Assigned task - Within the records below, reproduce without change the lines from the line that has "this 620×372 image." through the line that has "this 250×188 image.", and only those.

Stored data -
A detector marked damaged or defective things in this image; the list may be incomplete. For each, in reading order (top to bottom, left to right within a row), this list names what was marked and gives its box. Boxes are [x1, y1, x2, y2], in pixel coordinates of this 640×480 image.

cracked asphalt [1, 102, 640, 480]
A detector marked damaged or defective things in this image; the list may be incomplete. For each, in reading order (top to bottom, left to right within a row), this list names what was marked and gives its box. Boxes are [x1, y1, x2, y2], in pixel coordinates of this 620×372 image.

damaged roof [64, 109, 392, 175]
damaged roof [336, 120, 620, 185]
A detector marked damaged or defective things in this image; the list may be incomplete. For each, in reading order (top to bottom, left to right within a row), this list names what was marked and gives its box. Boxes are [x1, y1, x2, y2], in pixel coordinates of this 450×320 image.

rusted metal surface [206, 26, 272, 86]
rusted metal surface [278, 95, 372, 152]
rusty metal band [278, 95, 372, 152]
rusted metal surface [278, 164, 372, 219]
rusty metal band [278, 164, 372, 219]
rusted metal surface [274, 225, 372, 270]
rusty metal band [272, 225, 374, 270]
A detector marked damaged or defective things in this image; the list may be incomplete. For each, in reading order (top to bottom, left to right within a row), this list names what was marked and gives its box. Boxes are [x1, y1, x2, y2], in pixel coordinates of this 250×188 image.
...
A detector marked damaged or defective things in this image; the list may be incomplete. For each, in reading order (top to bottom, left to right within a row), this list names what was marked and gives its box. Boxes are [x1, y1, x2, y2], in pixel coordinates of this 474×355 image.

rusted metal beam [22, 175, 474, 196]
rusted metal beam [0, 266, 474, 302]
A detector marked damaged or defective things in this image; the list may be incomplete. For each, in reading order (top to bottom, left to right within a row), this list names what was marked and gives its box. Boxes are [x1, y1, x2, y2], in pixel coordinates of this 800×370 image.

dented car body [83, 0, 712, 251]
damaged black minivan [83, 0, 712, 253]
==
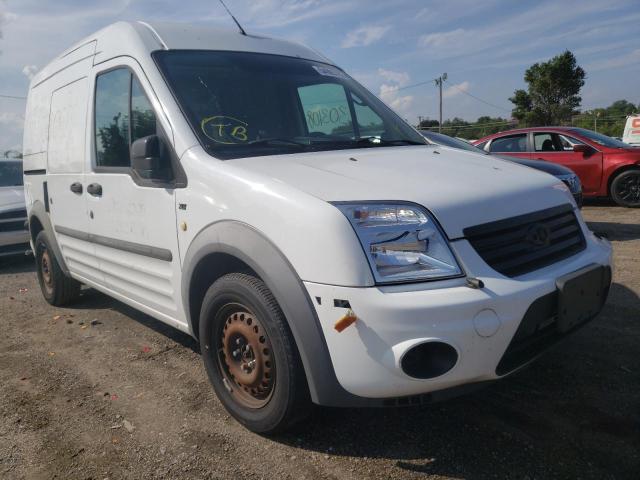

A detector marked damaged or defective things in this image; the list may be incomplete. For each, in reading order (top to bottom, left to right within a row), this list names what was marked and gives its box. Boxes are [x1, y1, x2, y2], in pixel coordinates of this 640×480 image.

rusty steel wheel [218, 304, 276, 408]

Written response -
A detector marked damaged or defective things in this image; the list may be incomplete. For each, in reading order (top to bottom, left to right within a row), this list names what was marked and gives its box. Boxes are [x1, y1, x2, y2], in pixel coordinates of this 620×372 image.

damaged roof [64, 109, 392, 175]
damaged roof [336, 120, 620, 185]
A detector marked damaged or defective things in this image; the list may be incomplete. For each, in reading order (top to bottom, left to right within a row), this list names what was marked and gives its box. Boxes are [x1, y1, x2, y2], in pixel coordinates of this 450×320 image.

rusted metal surface [206, 26, 272, 86]
rusted metal surface [278, 95, 372, 152]
rusty metal band [278, 95, 372, 152]
rusted metal surface [278, 164, 372, 219]
rusty metal band [278, 164, 372, 219]
rusted metal surface [274, 225, 372, 270]
rusty metal band [272, 225, 374, 270]
A detector marked damaged or defective things in this image; the list may be incomplete. For each, in reading order (top to bottom, left to right within a row), this list names what was marked and gives its box. Boxes are [x1, y1, x2, y2], in pixel coordinates of this 250×188 image.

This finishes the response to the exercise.